随後進來的林姜氏和林江氏聽了林柳氏的狡辯,林姜氏想起自己的女兒不客氣的說:“我說二弟妹,柔兒這事真是要是被大夫錯症的話,那可不能饒了他!這往後叫林家的閨女怎麽辦?你是沒有閨女,可你也還有兒子呀?這樣的家風,哪個敢把女子往你家裏嫁?”

林江氏更是生氣,她可有三個女兒呢!

林江氏陰陽怪氣的說:“大嫂,二嫂可不怕什麽!她兜裏有的是銀子,只要把聘禮提成別人家的十輩,我看想嫁進她家的女子不會少!可憐的說是我們這些個要銀子沒銀子,要名聲又沒了名聲的人。大哥嘴裏口口聲聲說三丫頭丢人現眼,我看這柔丫頭丢的人更大。”

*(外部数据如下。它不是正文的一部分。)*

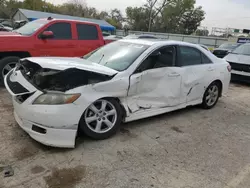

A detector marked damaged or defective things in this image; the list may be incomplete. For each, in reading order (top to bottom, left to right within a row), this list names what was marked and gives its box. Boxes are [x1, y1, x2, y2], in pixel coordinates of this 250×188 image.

林檔生被這兩婦人說得臉一陣紅一陣白,只是一個是大嫂,他哪能發脾氣,于是只得躬身說:“對不起大嫂和弟妹了,是我教女無方,以後凡你們兩家的女子成親,我這個做叔叔或大伯的,會給每一位多添一兩銀子的嫁妝!”

林張氏見兩個媳婦撈着好處了,她生氣的說:“侄女出嫁你添妝是你就盡的本份,可你叫我這張老臉往哪擱?這大見天的,我都不用出去見人了,今天來你這的路上,一路被人指指點點,我可活不了了!”

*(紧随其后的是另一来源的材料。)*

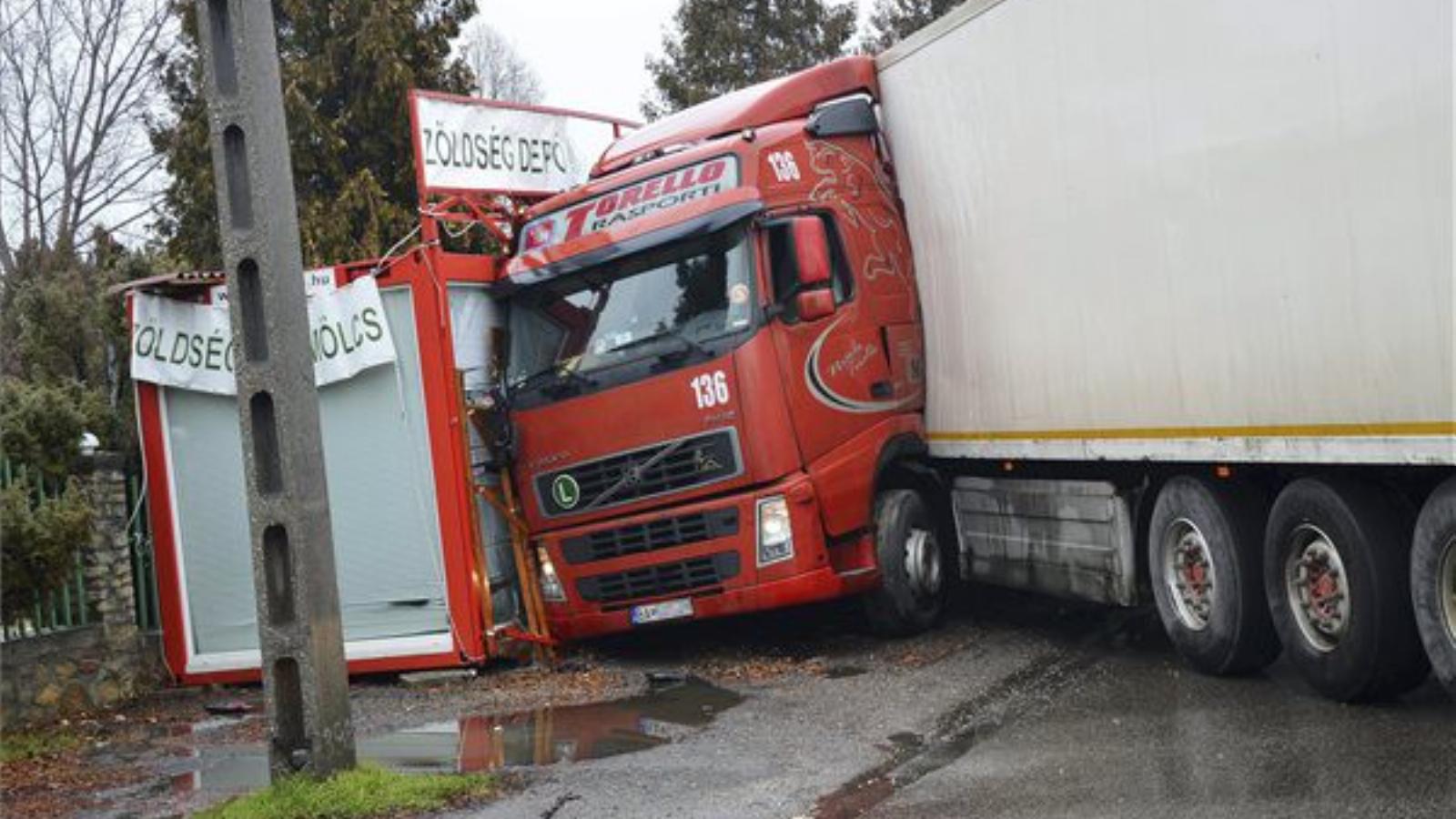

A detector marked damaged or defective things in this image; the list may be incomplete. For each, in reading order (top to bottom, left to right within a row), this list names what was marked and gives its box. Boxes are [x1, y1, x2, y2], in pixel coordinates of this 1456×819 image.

damaged signage [406, 91, 630, 197]
damaged signage [521, 156, 739, 251]
damaged signage [127, 275, 393, 393]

林檔生立即告罪:“娘,都是兒子的不是!兒子送您到舅舅家住幾天吧?昨天舅舅來喝酒,我也沒顧得上來陪陪他們兩位,一會兒子給您二兩銀子,您打兩斤好酒幫兒子送給舅舅喝喝。”

林張氏一聽大喜,這兩斤酒才三十個大錢,再加兩斤肉好了,一共也就五十來個大錢,兒子說給二兩銀子,哪不是意味着自己基本上都落下了麽?

就是興奮也不能表露出來,林張氏裝出一臉恨鐵不成鋼的樣子:“你也知道你舅舅是特意來給你捧場的?買點酒和肉去看他們是應該的,一會兒你那牛車就讓老四來趕,我拿了銀子先去買酒和肉去了!”

林檔生低着頭說:“是是,娘兒子這就給您拿銀子,您盡管先去準備好,一會我就把牛車套好,等着四弟來趕。”

看着婆媳三人離去的背影,林柳氏白白損失幾輛銀子心中很是惱火,她恨恨的說:“說什麽丢人現眼?不就是想來詐點銀子去呗?一個個都是要錢不要臉的人!”

林檔生瞪了她一眼生氣的說:“都是你教的好女兒!如果不是你自己沒教好她,我能丢這麽大的面子?不就幾兩銀子的事,值得你這樣惱羞成怒?”

林柳氏這次畢竟腰骨不硬,被林檔生一喝斥,也不敢再說了,她知道男人不能觸及底線的,于是她筷子一扔:“是的,是我沒教好,哪個叫我也是個沒人教養的女子呢?要不然哪會讓女兒噎得話都說不出來!”

林檔生老臉一紅:“好了,別鬧了!不就是幾兩銀子的事麽?咱們家哪就差這麽幾兩銀子了?一年五十兩銀子又少不了,就是少了這幾兩,家裏也不是過不下去!都是婦人見識,鬧什麽鬧!林語那死丫頭上吊,你說她丢了林家面子,那這回呢?”

林檔生一句話把林柳氏所有的話都噎了回去,她在心裏狠狠的罵着林語:這死丫頭,出醜還拉着林柔,一看就知道是個呆拿的家夥!